How to complete this task:
The reply should contain all the data below, repeated exactly, and none of the images.

Data excerpt:
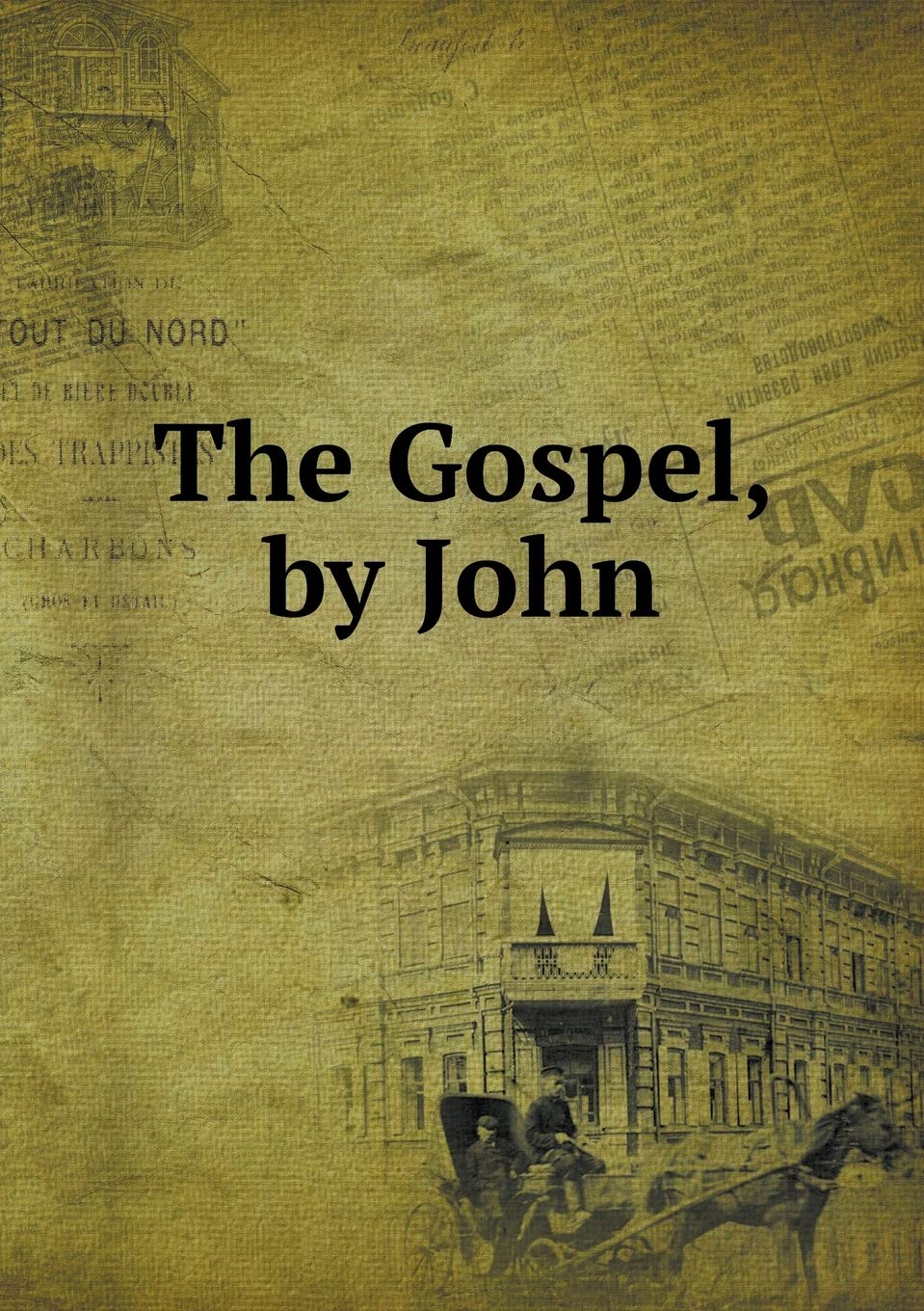The Gospel, by John Books
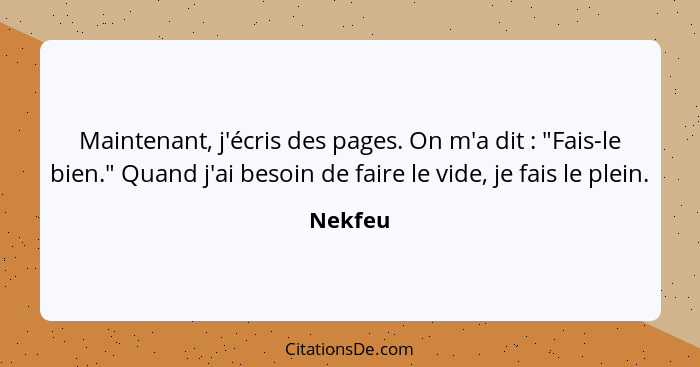 Maintenant, j'écris des pages. On m'a dit : "Fais-le bien." Quand j'ai besoin de faire le vide, je fais le plein.... - Nekfeu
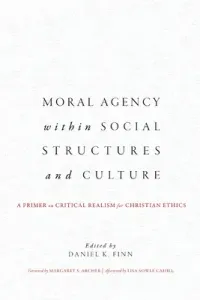 Moral Agency within Social Structures and Culture: A Primer on Critical Realism for Christian Ethics (Finn Daniel K.)(Paperback)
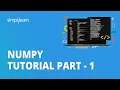 NumPy Tutorial Part - 1 NumPy Array Python NumPy Tutorial Python Training Simplilearn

Problem solution:
The Gospel, by John Books
 Maintenant, j'écris des pages. On m'a dit : "Fais-le bien." Quand j'ai besoin de faire le vide, je fais le plein.... - Nekfeu
 Moral Agency within Social Structures and Culture: A Primer on Critical Realism for Christian Ethics (Finn Daniel K.)(Paperback)
 NumPy Tutorial Part - 1 NumPy Array Python NumPy Tutorial Python Training Simplilearn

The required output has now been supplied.